To get around their inability to bend research subjects their will, researchers randomized people to coffee vs no coffee in a 1-day-on, 1-day-off type of arrangement. This makes sense, as it’s probably easier to go without coffee for a day rather than for months at a time. To make sure people stuck to their assigned coffee drinking days, the participants got daily text reminders; their coffee intake was collected daily; and they were reimbursed for all the coffee they bought, which encouraged them to keep receipts. Also, their phone’s GPS trackers recorded when they went into coffee shops. The researchers basically did as much as they could to make sure people stuck to the coffee or no-coffee schedule. Plus, the participants were wearing portable cardiac monitors to measure premature atrial contractions (PACs) and premature ventricular contractions (PVCs).
Most people think coffee is a stimulant, and it is. They also think it should increase arrhythmias, but fun fact: It doesn’t.
In CRAVE, they observed no increase in atrial fibrillation. There was no increase in PACs, the atrial ectopy that tends to trigger atrial fibrillation. The only increase was in PVCs, which increased from 102 to 154. And if you’re reading a Holter, that’s a pretty negligible increase. Remember, you have around 80,000 heart beats per day, depending on your heart rate. So, an extra 50 PVCs is not clinically significant.
You probably also heard about the DECAF study, which was just published. (In cardiology, it’s mandatory that all studies have clever acronyms. I wrote an article for Medscape about this a few years back.) DECAF was a bit different. These were patients with atrial fibrillation that were going for cardioversion and who already drank coffee. They were randomized to continuing with daily coffee drinking or abstinence.

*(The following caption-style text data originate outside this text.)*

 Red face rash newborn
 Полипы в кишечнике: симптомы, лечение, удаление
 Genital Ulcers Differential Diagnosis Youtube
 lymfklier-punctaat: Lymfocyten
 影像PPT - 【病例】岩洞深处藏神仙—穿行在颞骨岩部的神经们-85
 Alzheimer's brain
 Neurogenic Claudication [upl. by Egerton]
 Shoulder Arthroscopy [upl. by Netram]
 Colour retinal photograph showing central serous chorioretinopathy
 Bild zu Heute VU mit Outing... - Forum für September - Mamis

There are a few caveats to the study. Only about 69% of people in the abstinence group completely gave up coffee, only about 50% of the people had a continuous monitor, and of the 1965 people screened, 1739 did not meet eligibility criteria — mostly because they didn’t want to change their coffee drinking habits. So, this was a randomized but open-label trial where a very large proportion of patients who were screened were not randomized. Bear that in mind.

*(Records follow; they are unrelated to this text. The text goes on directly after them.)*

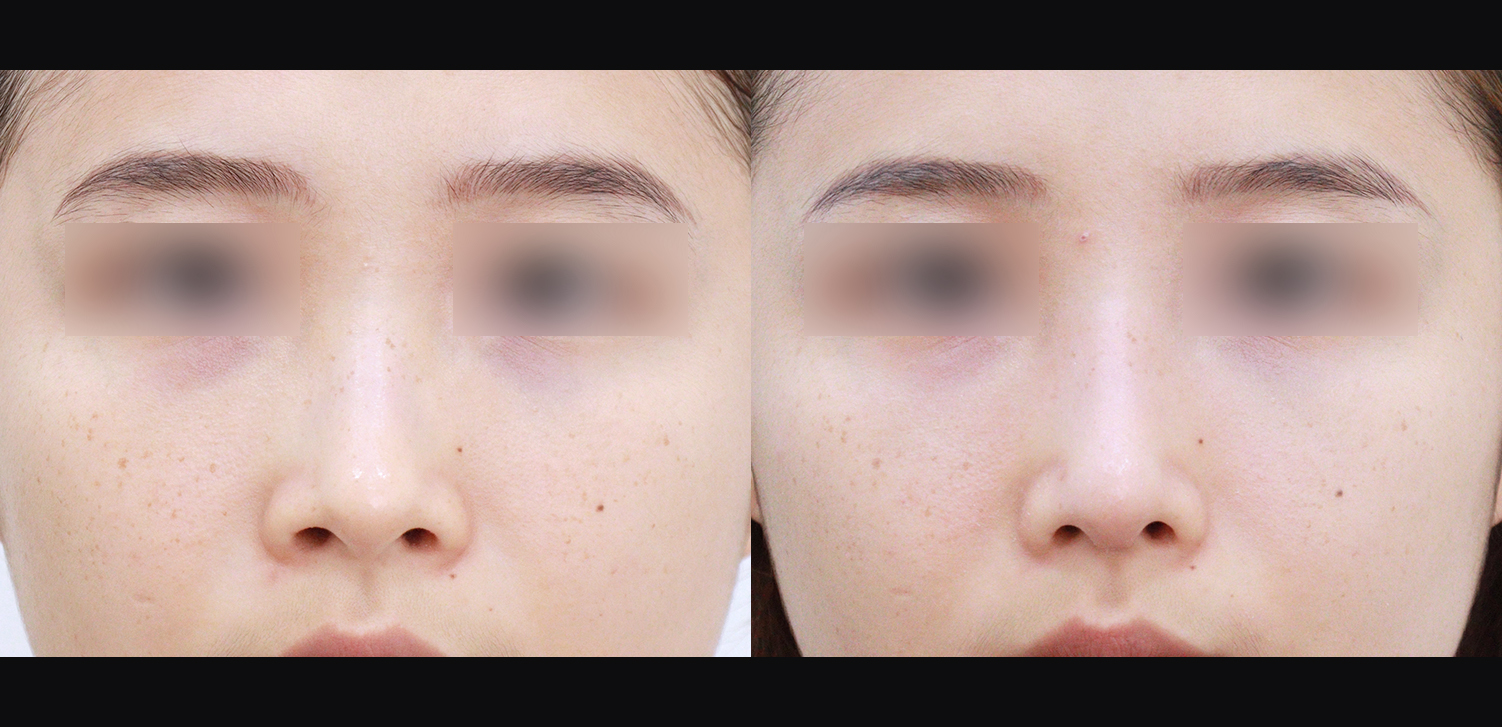 3D 코성형(콧대+코끝+들창코+인중코)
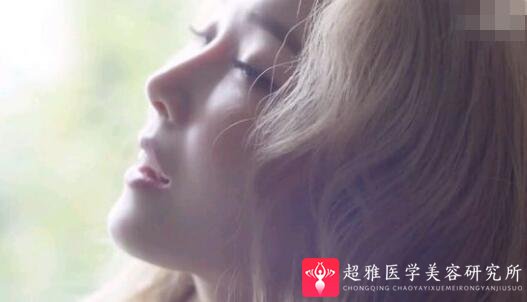 隆鼻手术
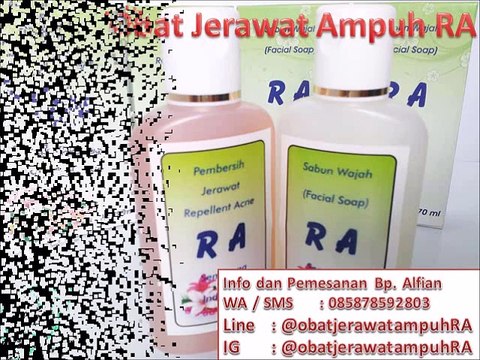 HP 0858 7859 2803 Obat Untuk Jerawat Batu di Apotik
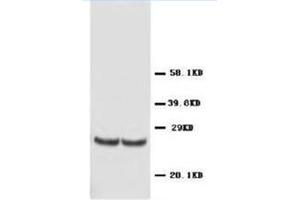 Western blot analysis of rat kidney tissue lysis using TIMP4 antibody
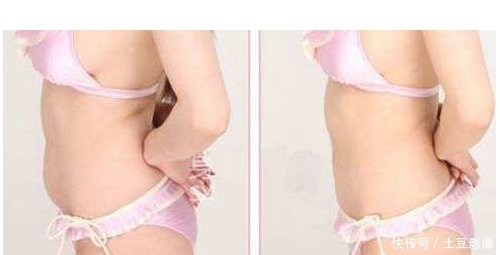  #腰部#腰部吸脂是大手术吗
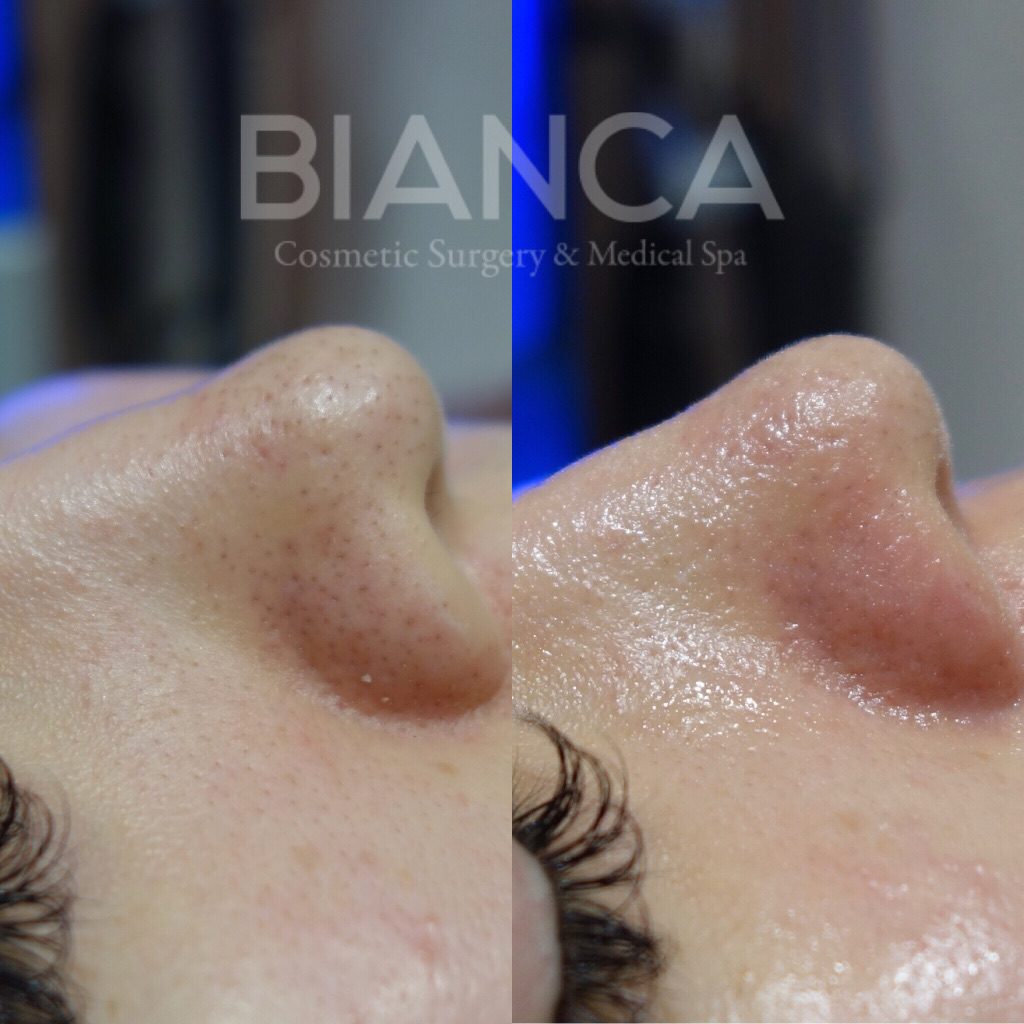 The True Value of Hydrafacial: Why Skin Preparation Matters in Modern Aesthetic Treatments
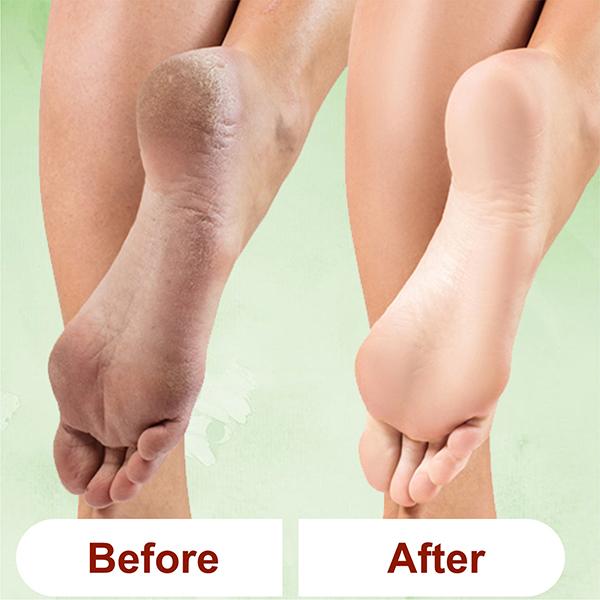 Kazarmaa Lemon Grass Foot Scrub And Foot Scrubber Tool 250 gm - Foot Scrubs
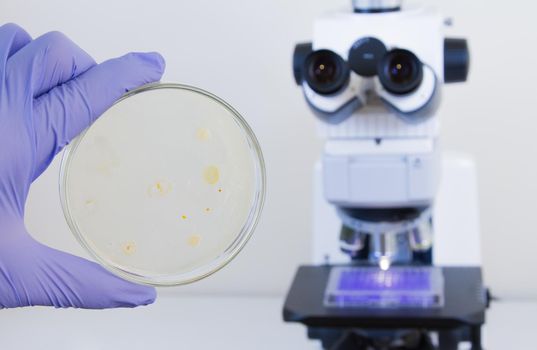 A Petri dish with colored bacteria on the background of the microscope. Bacterial analysis in the laboratory.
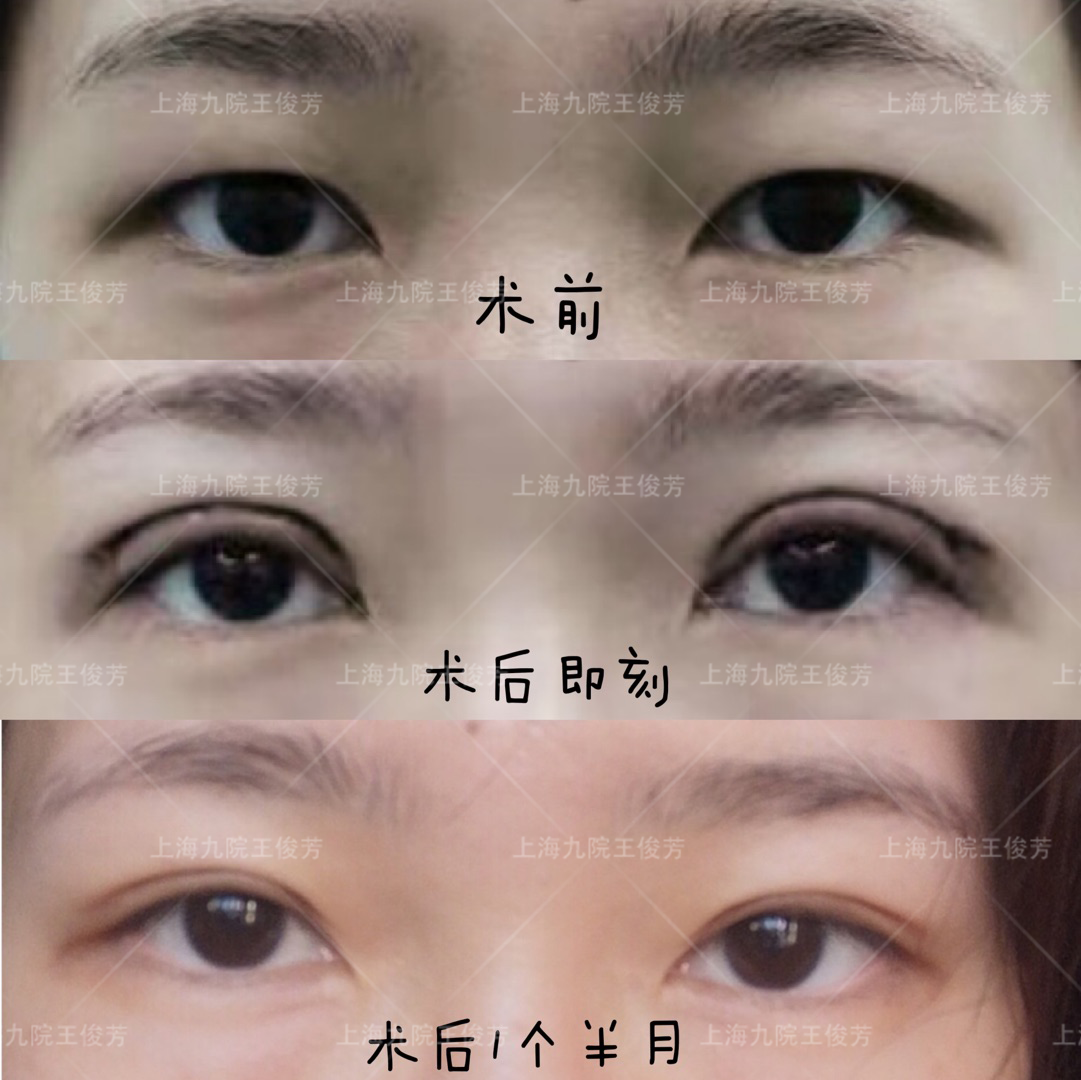 上海九院王俊芳割双眼皮技术口碑怎么样？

The researchers found that there was less atrial fibrillation in the coffee group. Remember, these people were all cardioverted, so in the coffee group, 47% flipped back into atrial fibrillation vs 64% in the abstinence group over 6 months. Fun fact, though: Most of the difference was seen in the group who were getting clinic electrocardiograms. In the continuous monitor group, the rates of atrial fibrillation were the same. Also, hospitalizations were similar in both groups.
So, what does this mean?
- It could all be random statistical noise.
- There could have been some subtle selection bias from the screening process.

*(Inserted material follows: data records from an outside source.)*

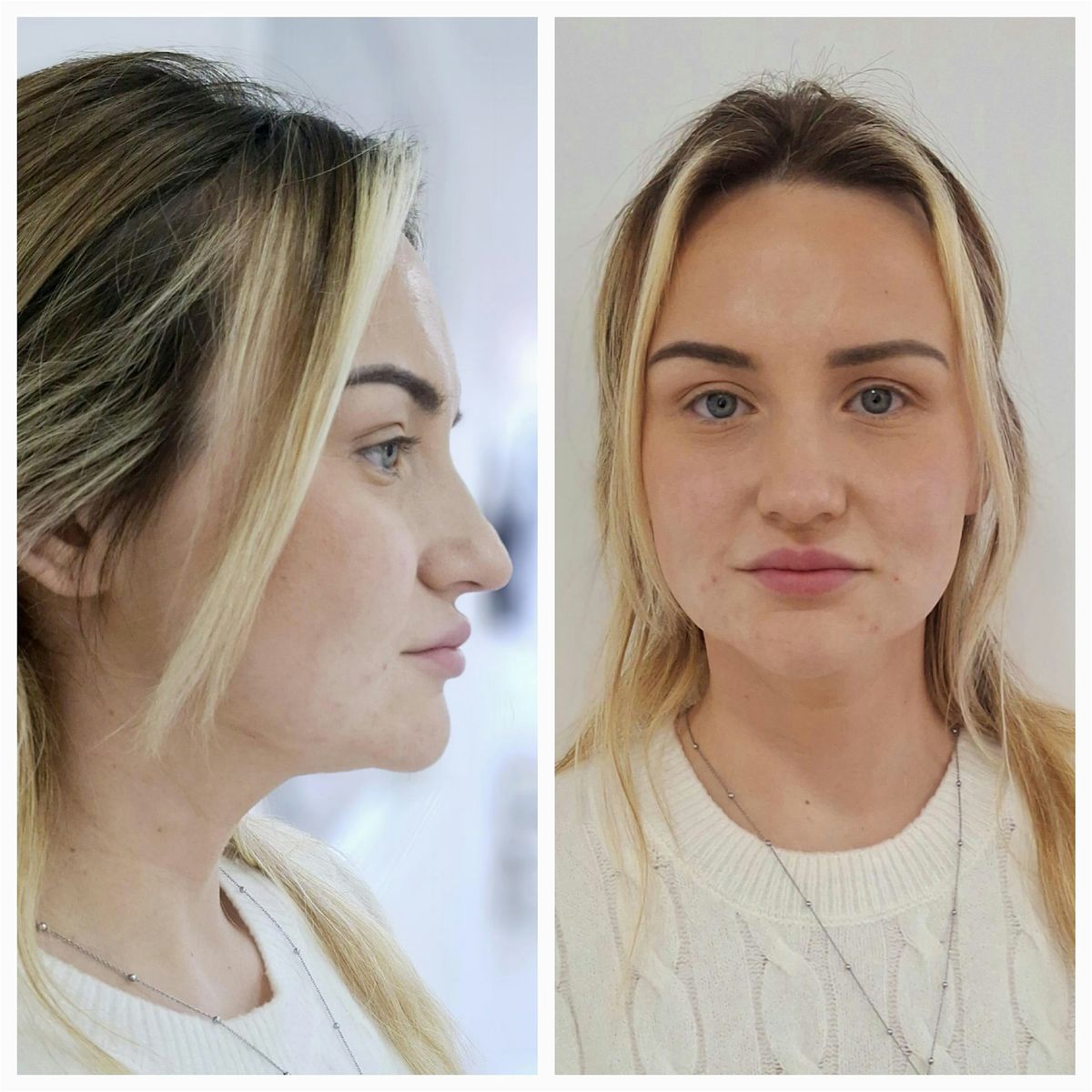A/SYMMETRY® AESTHETICS LAUNCH!, 1 June | Event in Ipswich | AllEvents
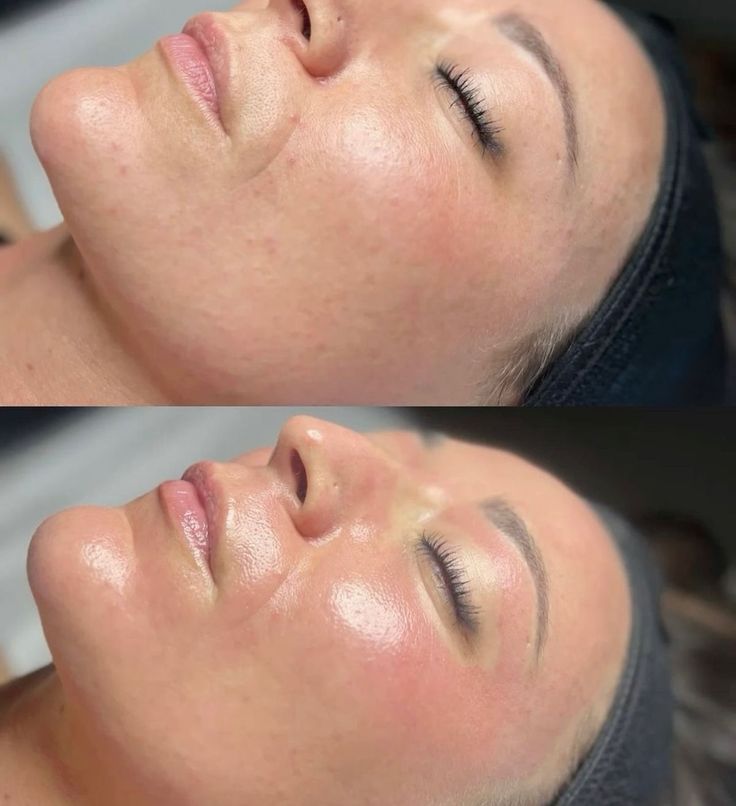 Una mujer está recibiendo un tratamiento de peeling al estilo Hollywood.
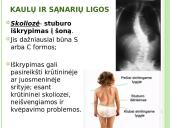 Atramos ir judėjimo organų sistema 11 puslapis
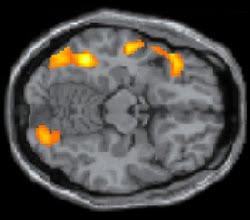Investigan las regiones cerebrales encargadas de la lectura y su conexión con el lenguaje hablado y el reconocimiento facial Investigan las regiones cerebrales encargadas de la lectura y su conexión con el lenguaje hablado y el reconocimiento facial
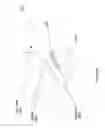 Fig. 33 - Suppression of stray light in head worn computing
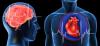Srdeční infarkt a cévní mozková příhoda: 7 velkých chyb, které vyvolávají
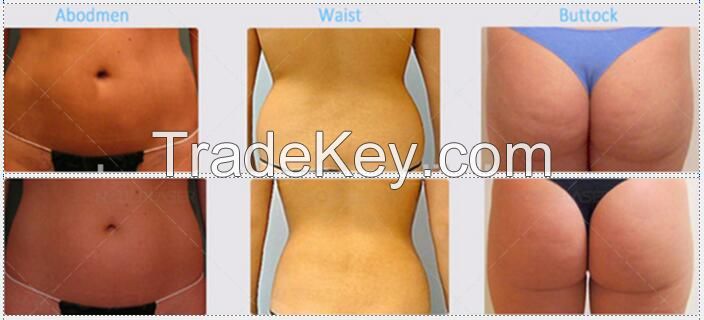 Liposonix HIFU technology body slimming machine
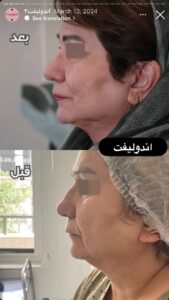 نمونه کار اندولیفت کلینیک آرارز در مشهد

- It’s possible the participants in the coffee abstinence group were more aware of palpitations, prompting them to get clinic electrocardiograms, leading to greater detection of atrial fibrillation. Remember, on continuous monitoring, there was no difference.
- Maybe coffee is protective.
- Maybe if the study had lasted a year or more, everyone would have reverted to atrial fibrillation and there would have been no difference.
Either way, it’s clear that coffee is not dangerous. Whether it protects against atrial fibrillation is, I think, still an open question. But with CRAVE and DECAF, I think it’s clear that it doesn’t cause it.
So, you can safely drink your morning coffee. Just try to limit yourself to 1.7 million cups.
For Medscape, I’m Dr Christopher Labos…with Tobi.